═══ Raw data ═══

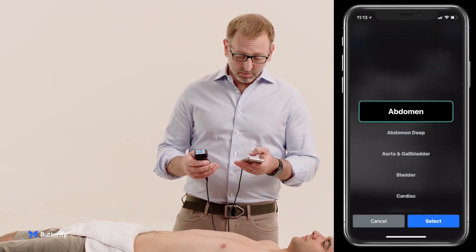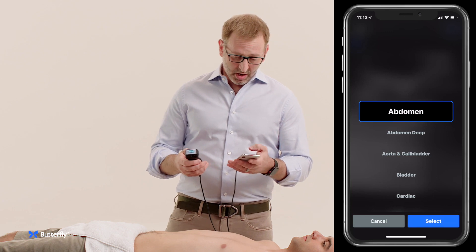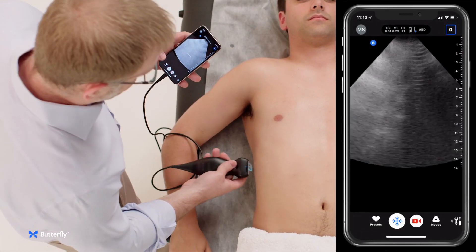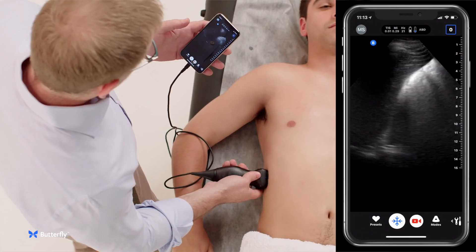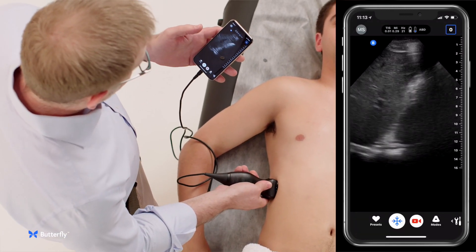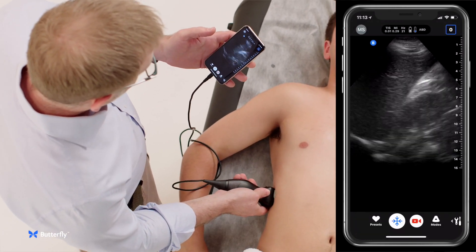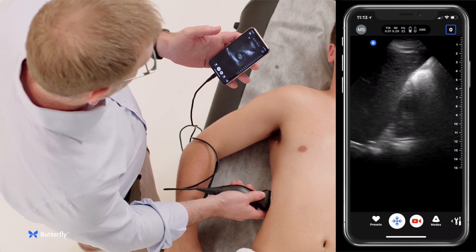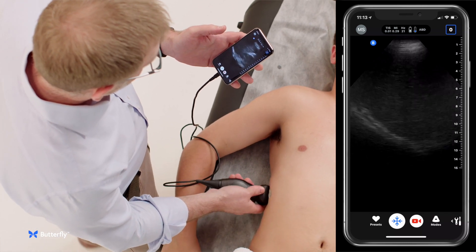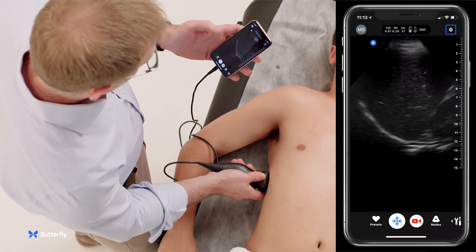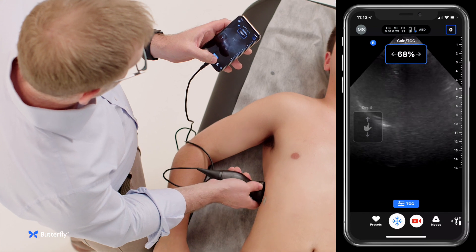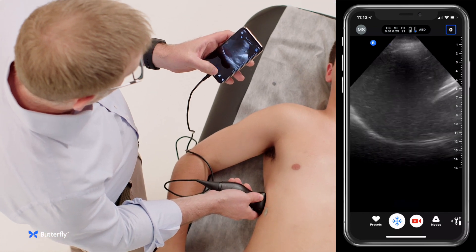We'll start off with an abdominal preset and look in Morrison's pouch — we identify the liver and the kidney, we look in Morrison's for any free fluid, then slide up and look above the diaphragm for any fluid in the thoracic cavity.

═══
═══ Raw data ═══

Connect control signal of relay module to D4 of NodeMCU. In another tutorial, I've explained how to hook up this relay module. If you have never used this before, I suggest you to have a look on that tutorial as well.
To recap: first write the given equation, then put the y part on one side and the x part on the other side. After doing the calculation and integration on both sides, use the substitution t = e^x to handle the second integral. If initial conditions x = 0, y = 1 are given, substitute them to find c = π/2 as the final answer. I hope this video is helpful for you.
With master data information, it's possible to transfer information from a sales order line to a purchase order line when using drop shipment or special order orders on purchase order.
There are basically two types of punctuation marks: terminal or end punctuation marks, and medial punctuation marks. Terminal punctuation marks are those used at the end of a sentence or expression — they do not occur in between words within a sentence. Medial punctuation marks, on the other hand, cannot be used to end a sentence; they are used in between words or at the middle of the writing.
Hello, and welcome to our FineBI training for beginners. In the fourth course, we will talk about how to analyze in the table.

═══
═══ Raw data ═══

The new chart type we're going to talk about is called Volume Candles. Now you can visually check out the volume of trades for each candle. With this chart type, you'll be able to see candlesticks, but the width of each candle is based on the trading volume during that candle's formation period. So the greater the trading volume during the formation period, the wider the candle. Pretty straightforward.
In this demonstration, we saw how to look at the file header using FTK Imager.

═══

■ **Exercise prompt**
I'd like the lines above from the one with "With master data" up to and including the one with "There are basically" copied exactly, with no other lines.

■ **Finished task**
With master data information, it's possible to transfer information from a sales order line to a purchase order line when using drop shipment or special order orders on purchase order.
There are basically two types of punctuation marks: terminal or end punctuation marks, and medial punctuation marks. Terminal punctuation marks are those used at the end of a sentence or expression — they do not occur in between words within a sentence. Medial punctuation marks, on the other hand, cannot be used to end a sentence; they are used in between words or at the middle of the writing.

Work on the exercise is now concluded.